Raw factor scores were determined by asking the respondents to score each medication on all of the factors using a 5-point Likert-type scale. The responses were anchored for each factor such that a higher raw factor score indicated a more favorable performance on each attribute. If respondents did not know how to score a particular medication on a given factor, there was a “not sure” response available for them to select. “Not sure” responses were excluded from subsequent calculations on a casewise basis. The mean response scores were then calculated for each of the medications, and this mean response score was used as the raw factor score for each factor. For the dosing attribute, a single factor score based on consensus dosage recommendations and the US Food and Drug Administration–approved dosing frequency was used. The dosing factor score for each medication was assigned a value on a scale from 0 to 100 as given in Table 1. This method for attributing dosage factor scores was based on techniques used in a MADM analysis of medication treatments for schizophrenia.8

Calculation of Total Utility Score

The final steps of our MAUT analysis involved conversion of the raw factor scores to utility scores, calculation of the attribute utility scores, and calculation of the total utility score for each medication. The mean raw factor scores were converted to a common utility scale ranging from 0 (the worst plausible value for a factor) to 100 (the best plausible value for a factor) to obtain the factor utility score. Equation 1 was used to convert the raw factor scores to the factor utility scores. For all of the individual factors, except for the dosing factor, values of Vmax = 5 and Vmin = 1 were used. For the dosing factor, values of Vmax = 100 and Vmin = 30 were used.

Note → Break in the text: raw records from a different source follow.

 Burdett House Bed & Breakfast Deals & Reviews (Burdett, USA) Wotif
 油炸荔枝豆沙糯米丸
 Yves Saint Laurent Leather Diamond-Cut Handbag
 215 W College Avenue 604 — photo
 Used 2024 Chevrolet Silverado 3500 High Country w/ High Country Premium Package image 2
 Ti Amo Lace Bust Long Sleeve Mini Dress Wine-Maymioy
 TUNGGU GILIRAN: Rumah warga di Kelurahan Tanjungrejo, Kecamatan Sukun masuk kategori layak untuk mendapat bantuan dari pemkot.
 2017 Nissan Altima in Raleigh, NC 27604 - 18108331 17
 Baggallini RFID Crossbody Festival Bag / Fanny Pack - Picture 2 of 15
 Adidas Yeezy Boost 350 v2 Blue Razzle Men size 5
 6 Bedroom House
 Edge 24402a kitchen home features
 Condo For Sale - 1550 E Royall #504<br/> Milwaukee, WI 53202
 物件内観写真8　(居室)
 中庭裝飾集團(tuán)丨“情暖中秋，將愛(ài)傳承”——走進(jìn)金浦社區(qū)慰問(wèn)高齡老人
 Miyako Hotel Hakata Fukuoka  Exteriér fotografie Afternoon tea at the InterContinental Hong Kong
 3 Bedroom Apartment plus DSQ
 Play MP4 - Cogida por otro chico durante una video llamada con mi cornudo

Factor utility scores were weighted and summed, when appropriate, to determine the attribute utility score (see equation 2 herein). For example, because the safety and tolerability attribute score was related to 2 factor scores, the safety and tolerability factor scores (usafety and utolerability, respectively) were each weighted equally (ie, wsafety and wtolerability were both set to 0.50) to calculate the unified safety and tolerability attribute score (Ust). A similar procedure was used to calculate the effectiveness attribute utility score (Ue), as discussed in the following “Model Iterations” subsection. For the monitoring burden, cost, and dosing frequency attributes, the attribute utility score (Um, Uc, and Ud , respectively) is equivalent to the factor utility score, because only a single factor contributes to the attribute. Finally, attribute utility scores were scaled by their respective attribute weights and were summed to calculate the total utility score. The total utility score is represented in Equation 2.

Model Iterations

Four main iterations of the model were performed to compare the total utility scores when effectiveness in acute mania, effectiveness in acute bipolar depression, effectiveness in maintenance treatment, and overall effectiveness were considered. Each of these iterations was performed by adjusting the effectiveness factor weightings (w in equation 2). For example, for the iteration of the model evaluating effectiveness in acute mania, wmania was set to 1, while wdepression and wmaintenance were set to 0. For the iteration evaluation of overall effectiveness, each of the effectiveness factors was weighted equally.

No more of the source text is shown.